Under HUD’s interpretation, the fact that uncompensated referrals might be contemplated or were occurring under a services-rendered relationship, such as an MSA, was not a factor. In the same respect, the appeals court in its PHH case ruling found that the services- rendered provision of Section 8(c)(2) of RESPA represent a complete exemption. It is a safe harbor, not the first step toward analyzing if a services-rendered agreement is itself an item of value being given for referrals.

Options ahead

The PHH decision  has the effect of reinstating HUD’s position on services-rendered agreements based on the plain and clear wording of the services-rendered exception under Section 8 (c)(2) of RESPA. Hence, the court found no reason to defer to the interpretation of the CFPB as the federal agency with presumed expertise administering RESPA.
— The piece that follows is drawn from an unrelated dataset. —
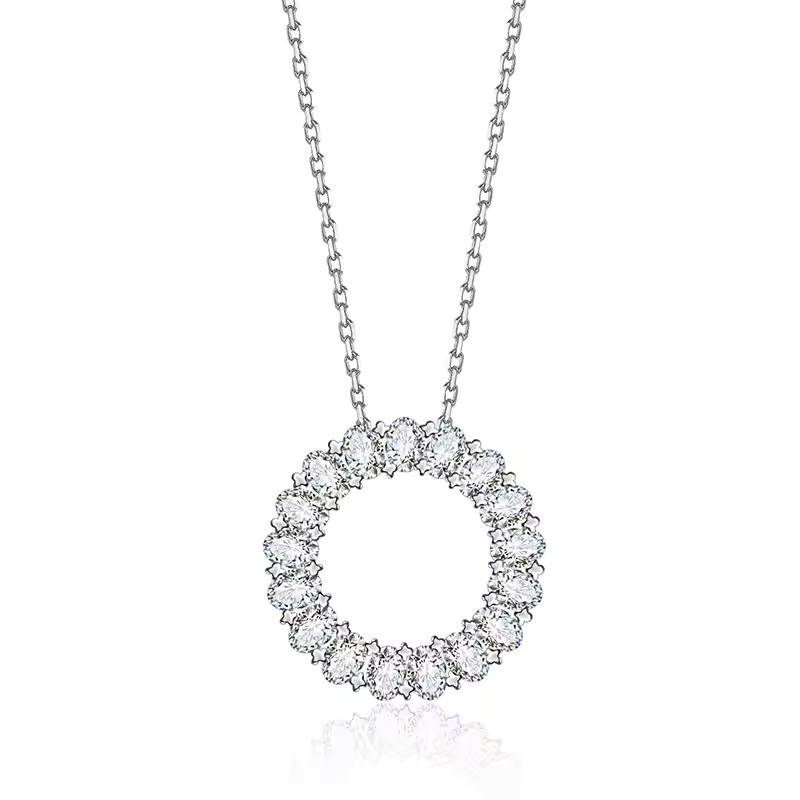 14K White Gold Plated Oval Cut Moissanite Circular Pendant Necklace : CJNK25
The ruling in the PHH case on the services-rendered exception is so obvious that there is virtually no chance the CFPB will prevail on appeal as to this aspect of the court’s decision. The determination by the court to give unrestricted removal authority of the director to the president also is likely to remain in effect, which could result in a dramatic change in the attitude of the CFPB with respect to MSAs given the change in the administration. In any event, even if the removal authority aspect of the court’s decision is reversed, it will not affect the court’s reversal of the director’s reinterpretation of RESPA.
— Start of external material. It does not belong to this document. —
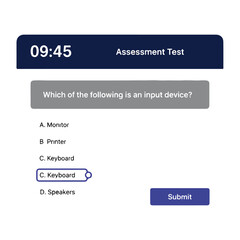 Online Education Assessment Test Interface Illustration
The CFPB filed for a rehearing before the full nine-member appeals court in late November. At the time of this writing, the court had not responded to the request for a new hearing. The CFPB focused on the constitutional aspect of the PHH decision that the director can be removed at the will of the president, arguing that removal of the director by the president limits the authority of Congress, which required removal only for cause when setting up the agency.

The removal issue is less relevant, however, than the chances of a reversal on the interpretation of the services-rendered exception in RESPA, which are minimal even if the full appeals court chooses to deal with the removal question.
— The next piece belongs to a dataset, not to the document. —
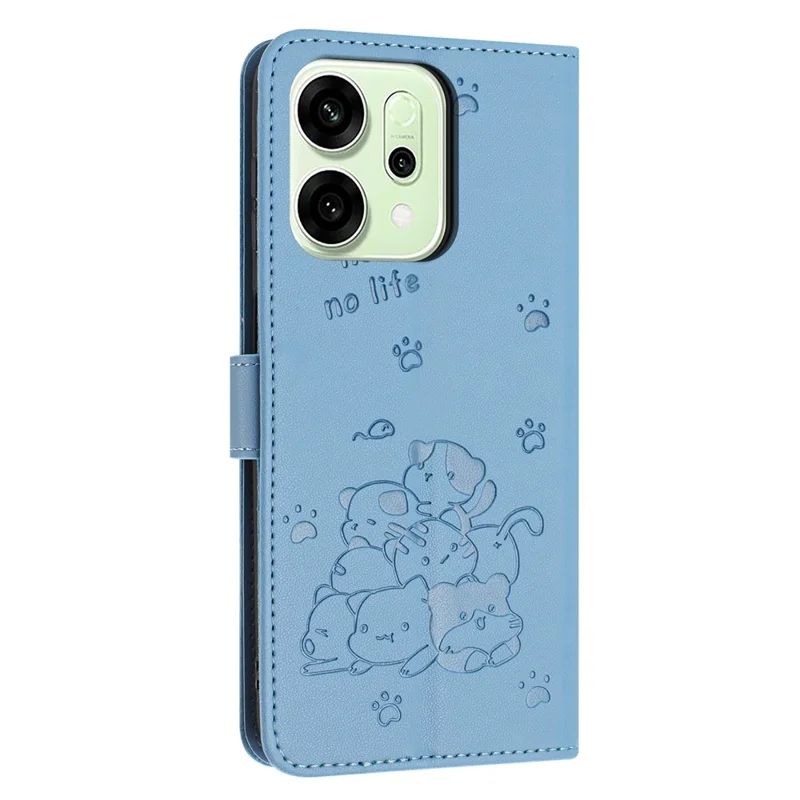 Für Oppo Reno14 Pro 5G (Global) Geldbörse Hülle Katzen Prägung Leder Handyhülle mit Riemen - Blau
If the full court does not rehear the case, the CFPB could appeal directly to the U.S. Supreme Court. Recent rulings by the U.S. Supreme Court, however, express its view that federal agencies, when considering regulatory changes of policy, should maintain consistency with prior administrative interpretations — unless there are compelling reasons for a change; and, it has recognized the reliance of regulated parties on prior agency interpretations.

If the CFPB does not obtain a reversal via appeal to the full panel of judges, the three-judge panel’s ruling will remain the law, but only in the District of Columbia circuit. If the CFPB appeals to the U.S. Supreme Court, and the appeal is rejected or it loses after a hearing, the decision by the U.S. Court of Appeals for the District of Columbia would become binding across the country. Hence, in light of the composition of the U.S. Supreme Court, the CFPB may leave the appellate court decision in effect as is, resulting in uncertainty for the rest of the country.

•  •  •

For now, the PHH decision has eliminated the rationale upon which the CFPB had challenged services-rendered relationships, including MSAs. It basically restores what the industry believed to be the correct interpretation of RESPA.

As the CFPB adapts to the PHH decision, the political realities have created an opportunity for progress in bringing back legitimate RESPA-compliant MSAs. The CFPB and the real estate industry would be best served if some accommodation could be reached by the parties as to what the boundaries of a bona fide, non-abusive MSA should be without reinterpreting RESPA.